British social scientist, Catherine Hakim, argues that governments who are serious about raising fertility rates should focus on policies to support women with family-oriented aspirations. These women tend to have higher fertility rates and are easier to convince to increase their family size.
Several things can be done. First, incorporate the thoughts and views of stay-home mothers into policymaking on the family, through focus group discussions and public forums, as well as engagement of women’s advocacy groups like the Association of Women for Action and Research (AWARE).
Second, help stay-home mothers defray the costs of childbearing and caregiving, which are more challenging for a single-income household. The existing Child Development Account (CDA) scheme – where savings deposited by parents are matched dollar-for-dollar by the government, up to a specified ceiling amount depending on the child’s birth order – can be enhanced. The funds can be used for childcare centre fees and medical expenses at healthcare institutions, among others.
Children of younger stay-home mothers, say those below the age of 30, can also be given extra help over and above the cash gift that the government gives parents to defray the cost of caring for a newborn. These additional funds can be pegged to half of the cash gift and would amount to $3,000 each for the first and second child, and $4,000 each for the third and fourth child. The additional funds can be deposited in the CDA to be used for specific expenses related to the child’s wellbeing and growth.
This additional support could encourage women to start their families young and return to the workforce later. In addition, the matching rate by the government can be increased to 1.5 times. Other enhancements – such as raising the deposit ceiling to receive the matching deposit – can also be made to encourage families to save more for their children.

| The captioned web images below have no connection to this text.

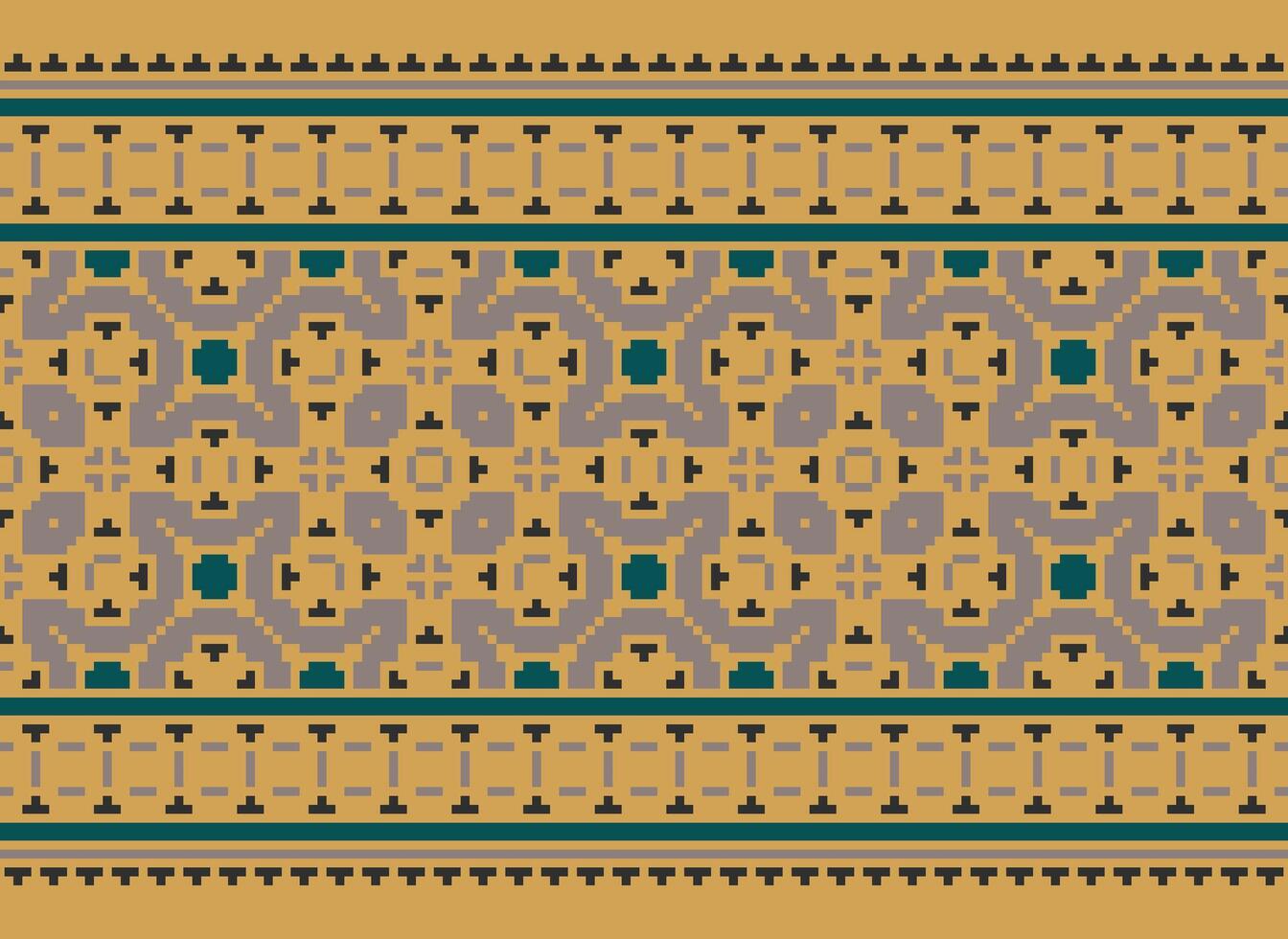 pixel attraversare punto modello con floreale disegni. tradizionale attraversare punto ricamo. geometrico etnico modello, ricamo, tessile ornamento, tessuto, mano cucito modello, culturale Cucitura vettore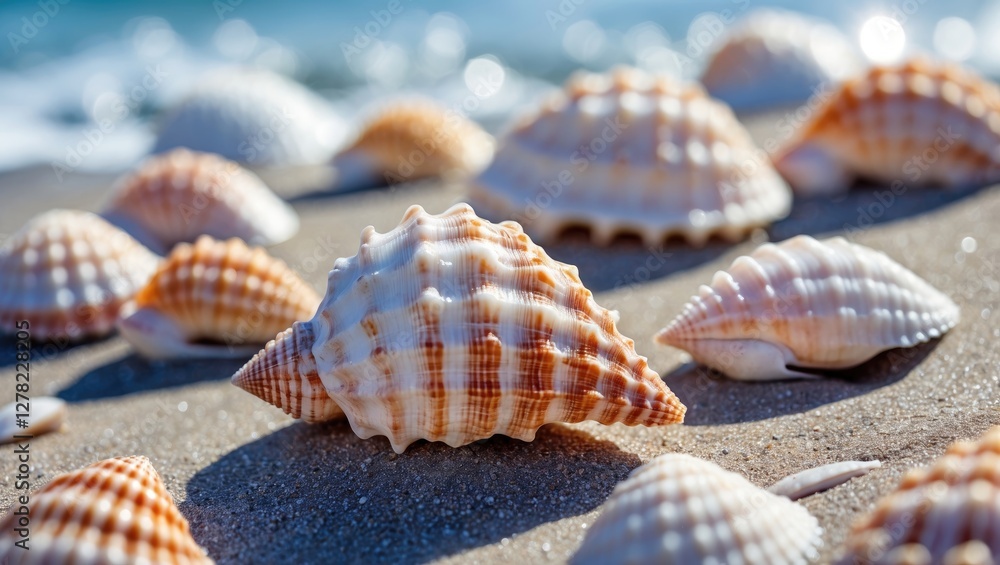 Poster close-up view of assorted beautiful seashells on a sandy beach with gentle waves in the background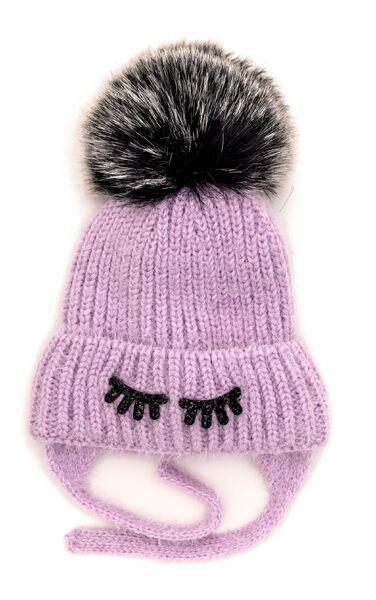 Шапка детская для девочек Гламур D807 флис 44-48 см Сиреневый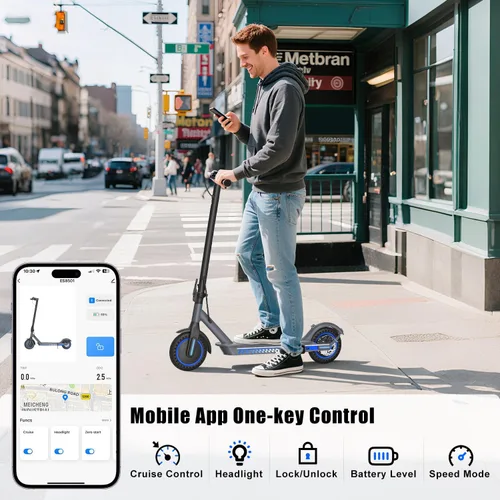 Vista 2 de Electric Scooter Adult 350W/500W Motor, Top 19/22 mph, 8.5'' Solid Tire Azul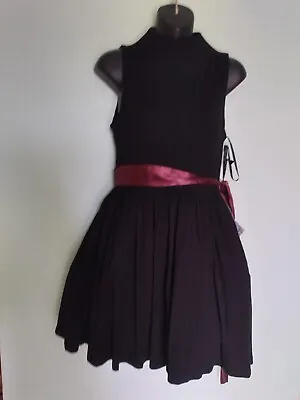 Twelve By Twelve Short Black Dress With Burgundy Women's Size S Sleeveless   • $15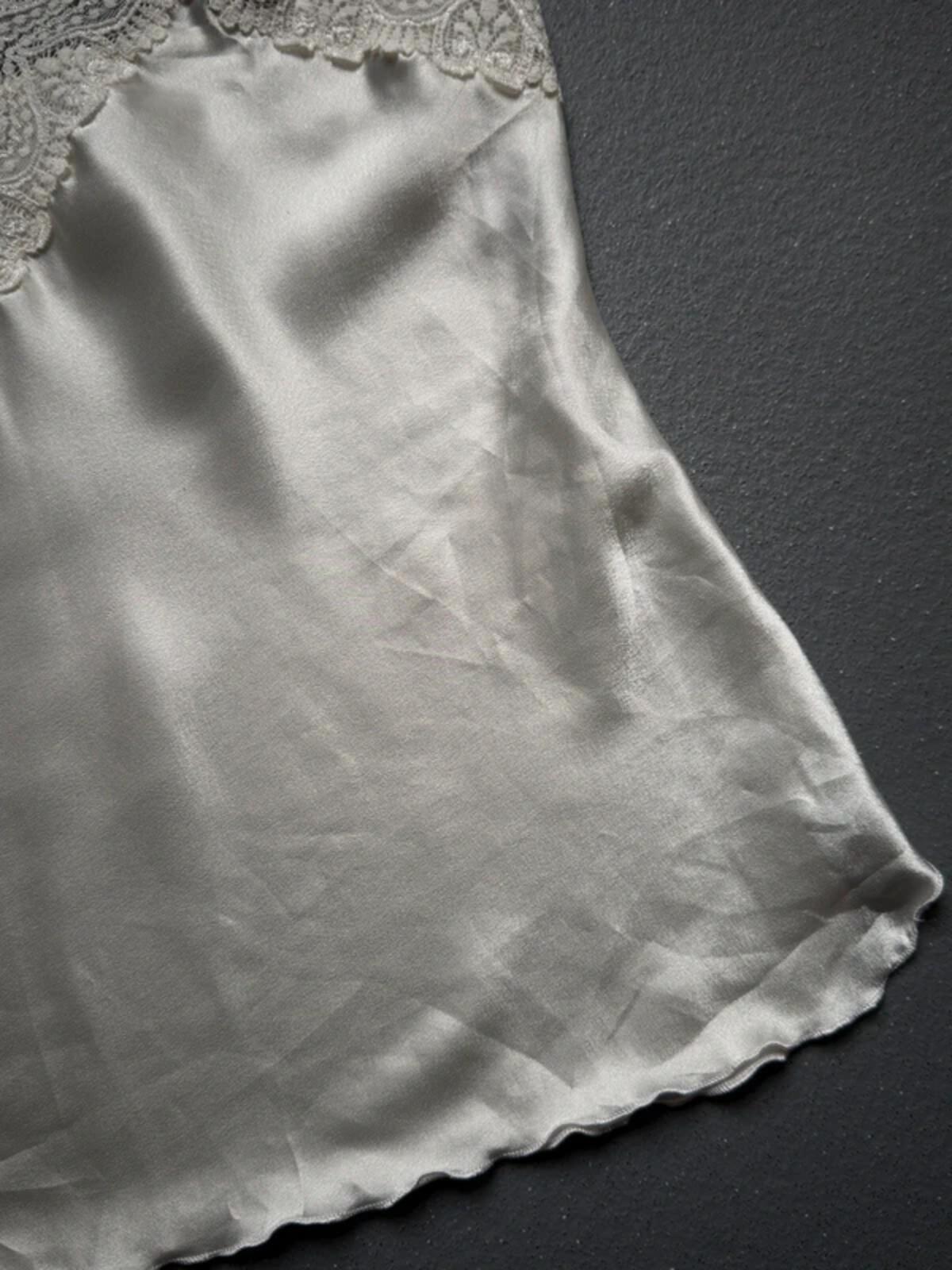Cute Silky White Silver Lace Cami Top Small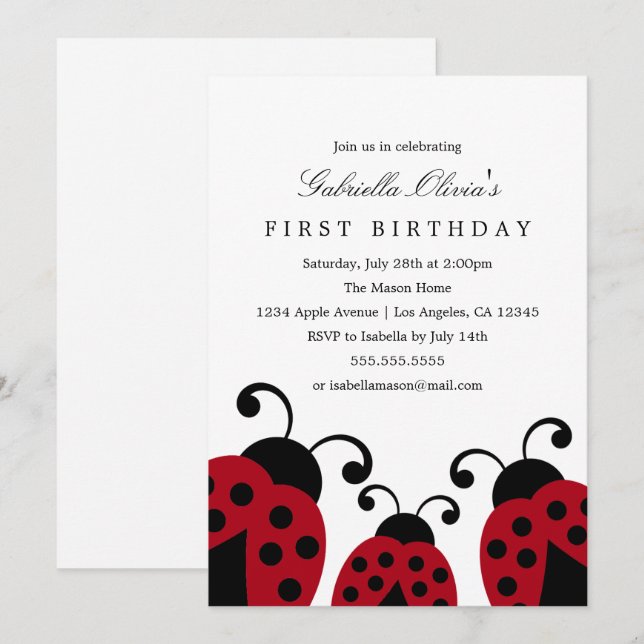 Red Ladybugs | Birthday Party Invitation (Front/Back)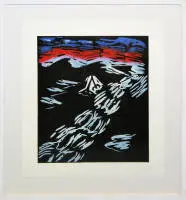 Jörg Immendorff, Uden titel, signeret farvelinoleumstryk fra 1987, indrammet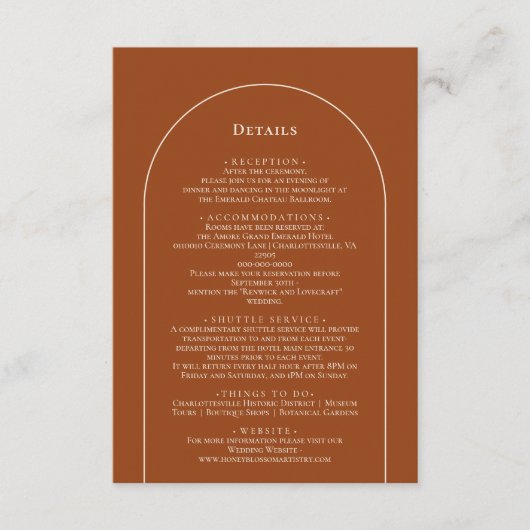 Einfache Boho Arch Terracotta auf Hochzeiten Detai Begleitkarte (Vorderseite)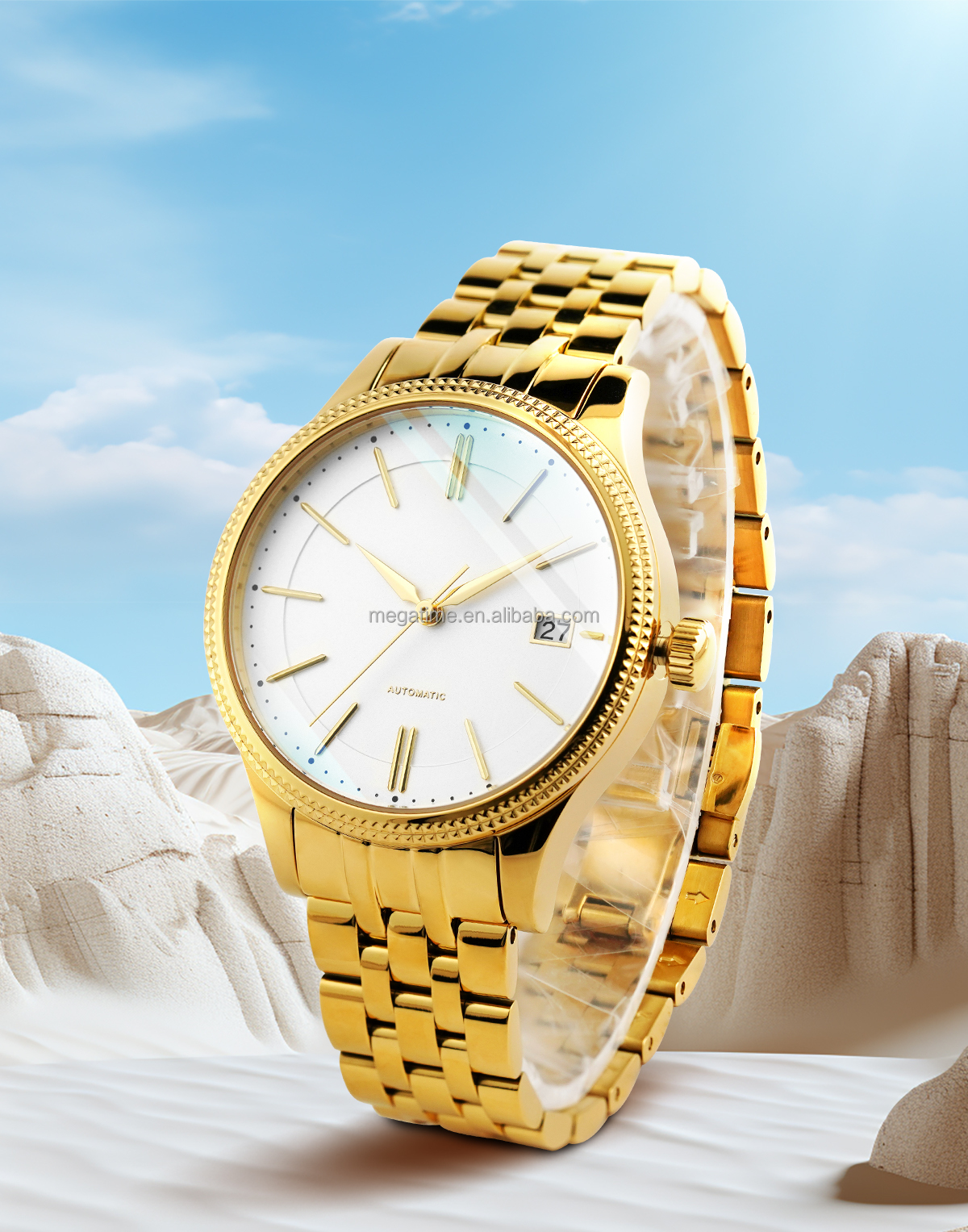 Dorado 304 Material de acero inoxidable reloj de lujo TMI NH35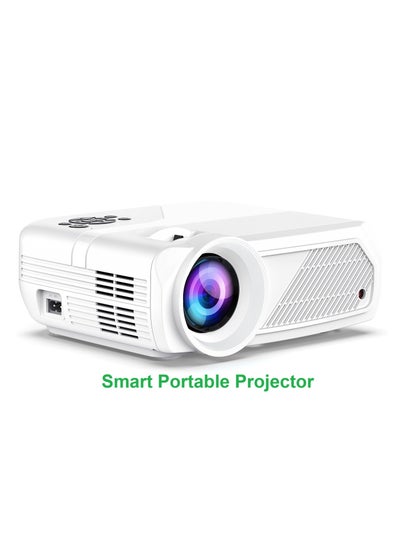 Buy Smart Portable Projector Android11 4K Full HD Resolution 1080P WiFi6 BT5.4 Auto 4-Point Keystone Correction White in Saudi Arabia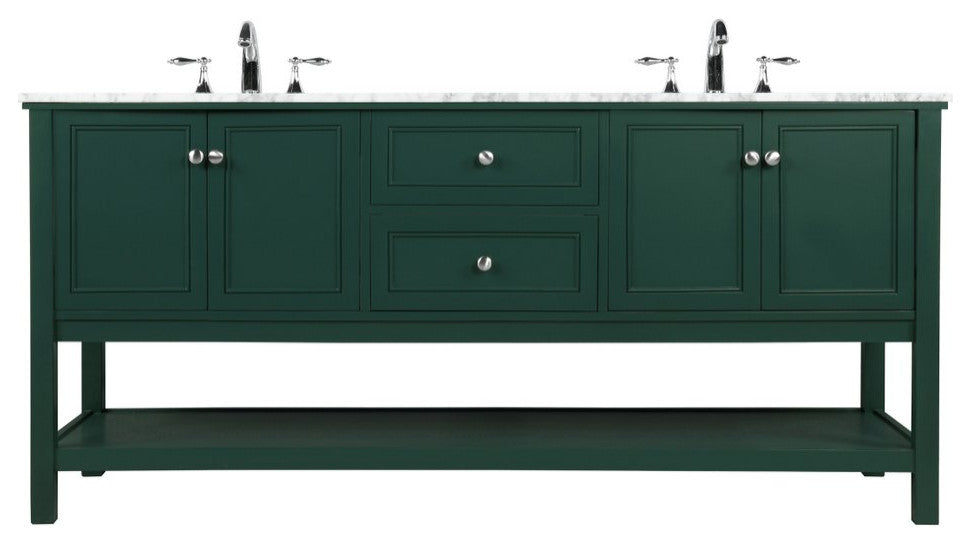 Home Living 72" Double Bathroom Vanity, Green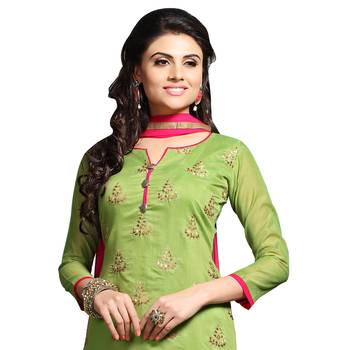 Green Party Wear Chudidar Salwar Kameez Suit Material for women 4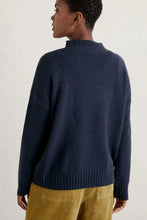 SEASALT's Trevorrow Jumper in Maritime, back view of sweater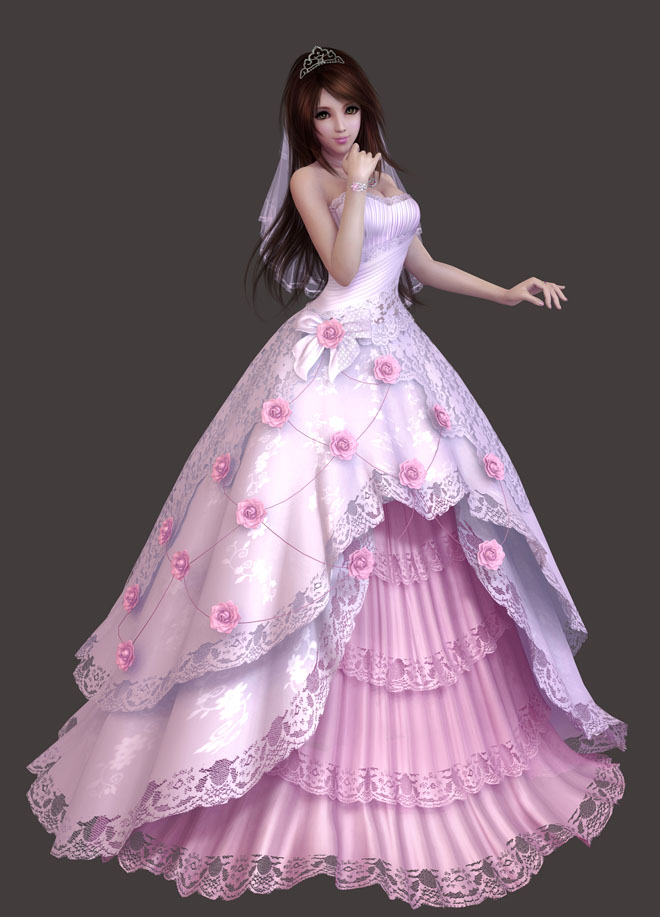 beautiful 3d bride model
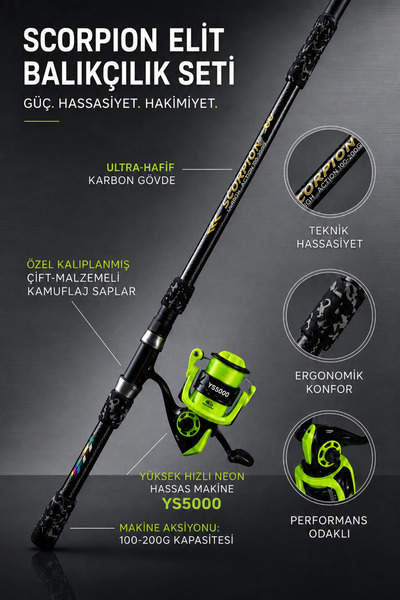 OLTAMİX Scorpion Elit Balıkçılık Seti YS5000 Makara 100-200 gr Karbon Olta Ta...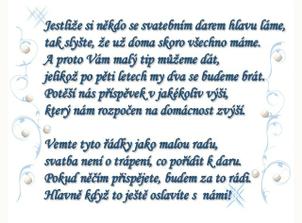 Oznámení - jak si jemně říct o penízky :-D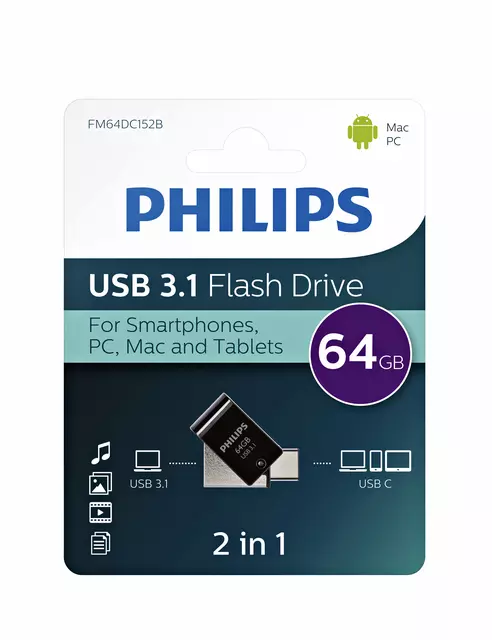 Een USB-stick 3.1 Philips USB-C 2-in-1 midnight black 64GB koop je bij EconOffice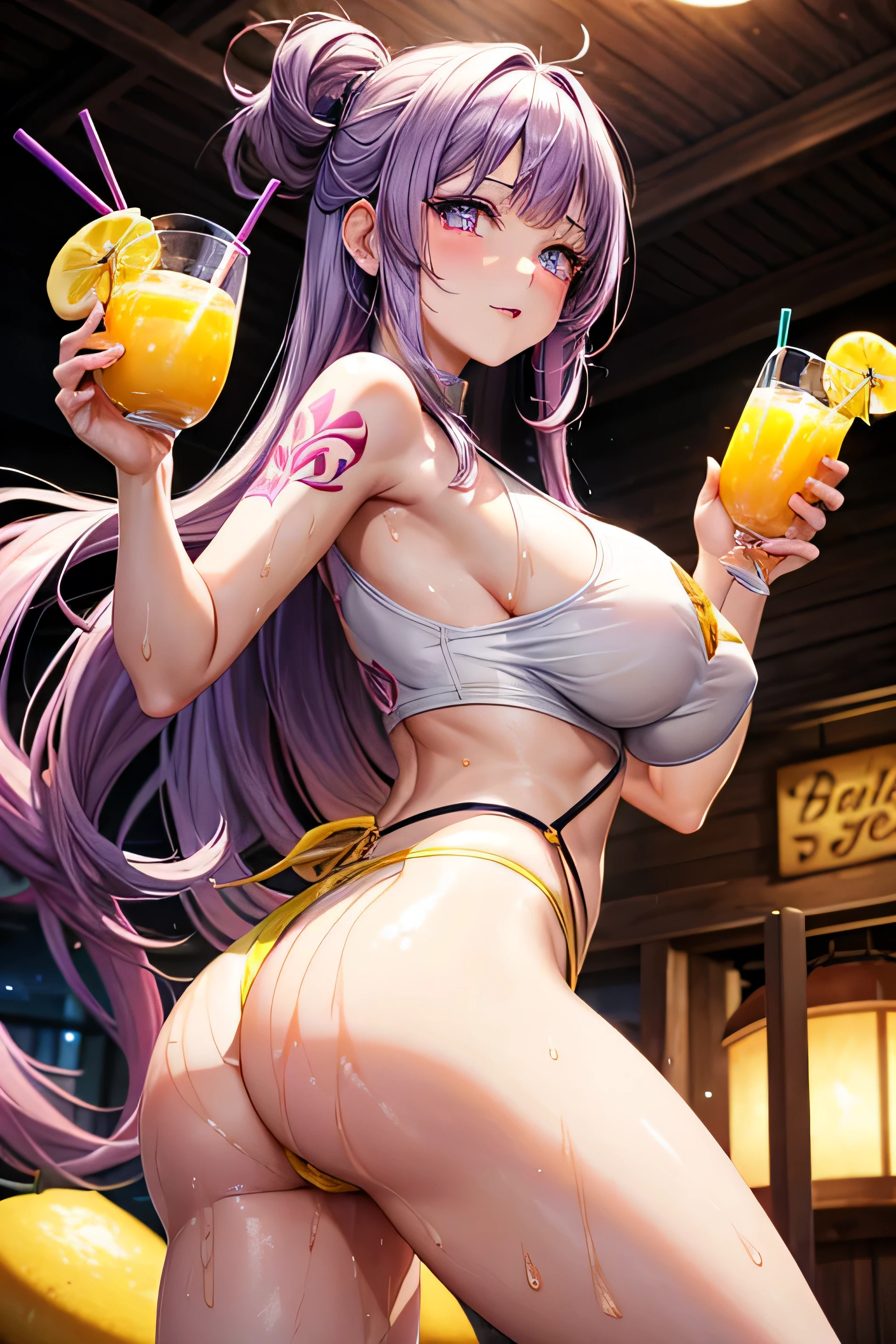 High resolution, high quality, One girl, Anime Girls, Light purple long hair, blunt bangs, Light purple eyes,heart shaped pupils,[[pale skin]],Glowing Skin, Large Breasts,beautiful breasts,pointy breasts,(Big Ass),beautiful ass,ahegao,sweat,wet,Tank Top,red highleg waitress,lower body,open legs,Groin tattoo,glowing tattoo,at cafe,cherryblossom,(Banana juice),(lemon juice),(orange juice),(Pineapple juice),(Mango juice),(water),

This direct provision of financial support for stay-home mothers is akin to the tax reliefs and rebates that their working counterparts receive. It is also meant to supplement the income earned by the spouse, who is in the early stages of his career.
The state has generously provided for women who want to work and have children through its various Marriage & Parenthood schemes. In a bid to tackle Singapore’s fertility conundrum, it should convey a stronger message that mothering is equally as “productive” as working, and work at home is not inferior to work at the office.
I still carry hopes of being a stay-home mother, and with that, hopes for the state to recognise and value the work mothers do at home.
Samantha Wong was an intern with the Demography and Family research cluster at IPS from May to June 2015. She is a third-year Sociology student at the Nanyang Technological University.